### Goal of the exercise
In the entries that follow, find the line containing "Imagem CHÁCARA EM CAMPO MAGRO 51.000M²" and the line containing "Flying Drone Over", then retype exactly the lines from the first through the second, pictures excluded.

### Entries provided
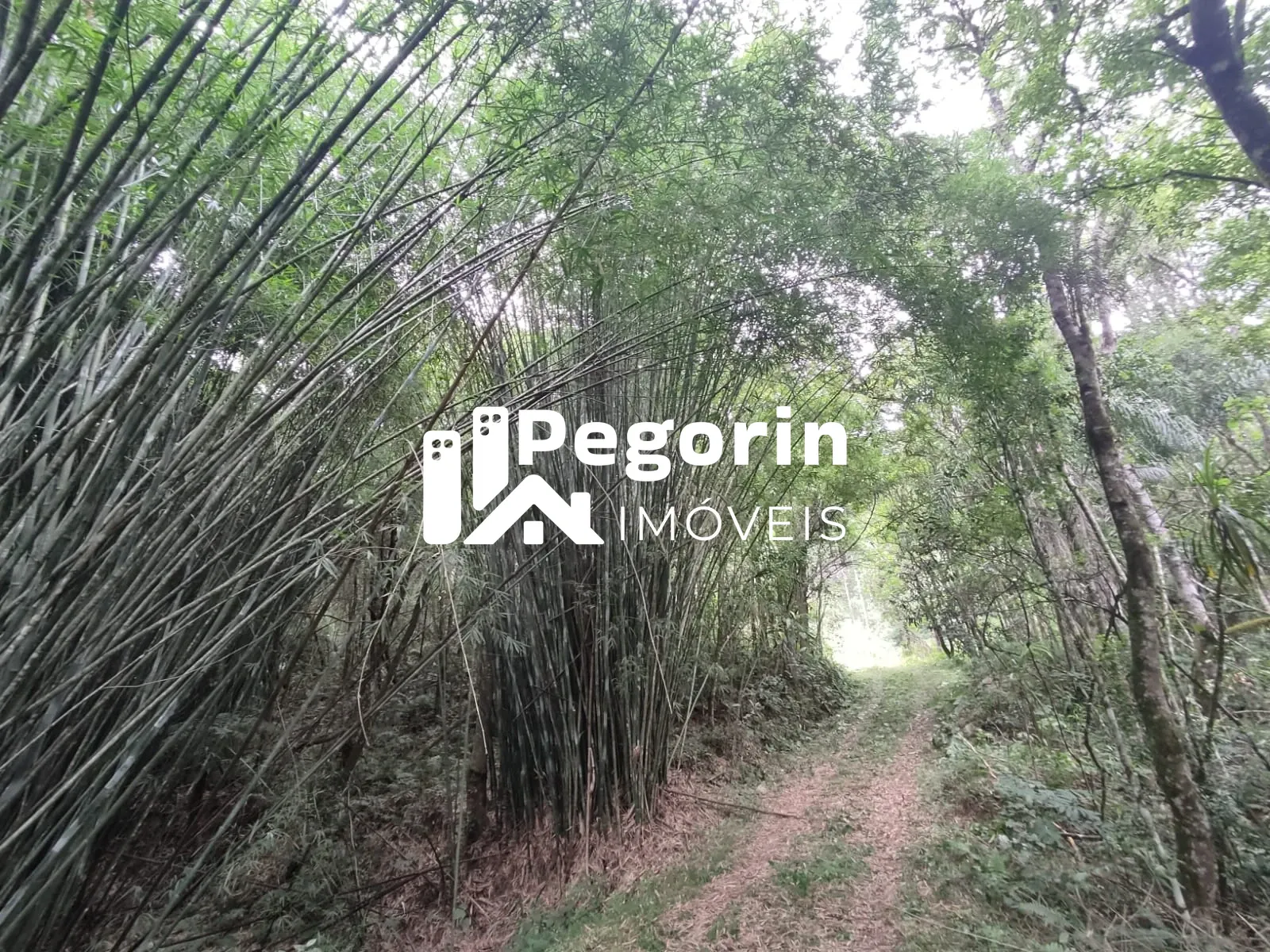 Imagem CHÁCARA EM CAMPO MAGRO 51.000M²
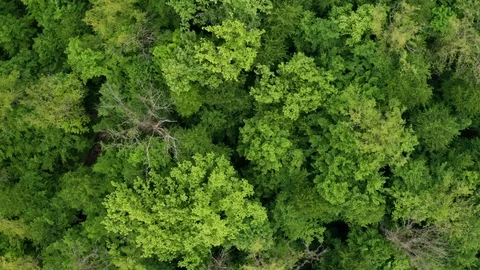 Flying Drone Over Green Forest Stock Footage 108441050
==
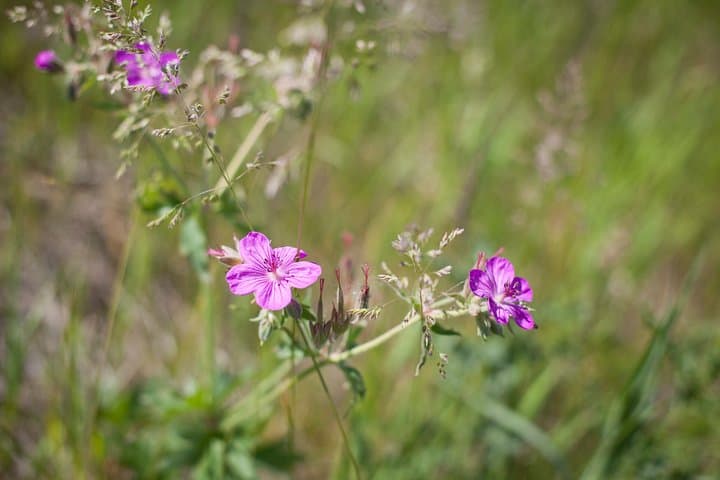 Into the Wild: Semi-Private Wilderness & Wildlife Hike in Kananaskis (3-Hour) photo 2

### Your solution
 Imagem CHÁCARA EM CAMPO MAGRO 51.000M²
 Flying Drone Over Green Forest Stock Footage 108441050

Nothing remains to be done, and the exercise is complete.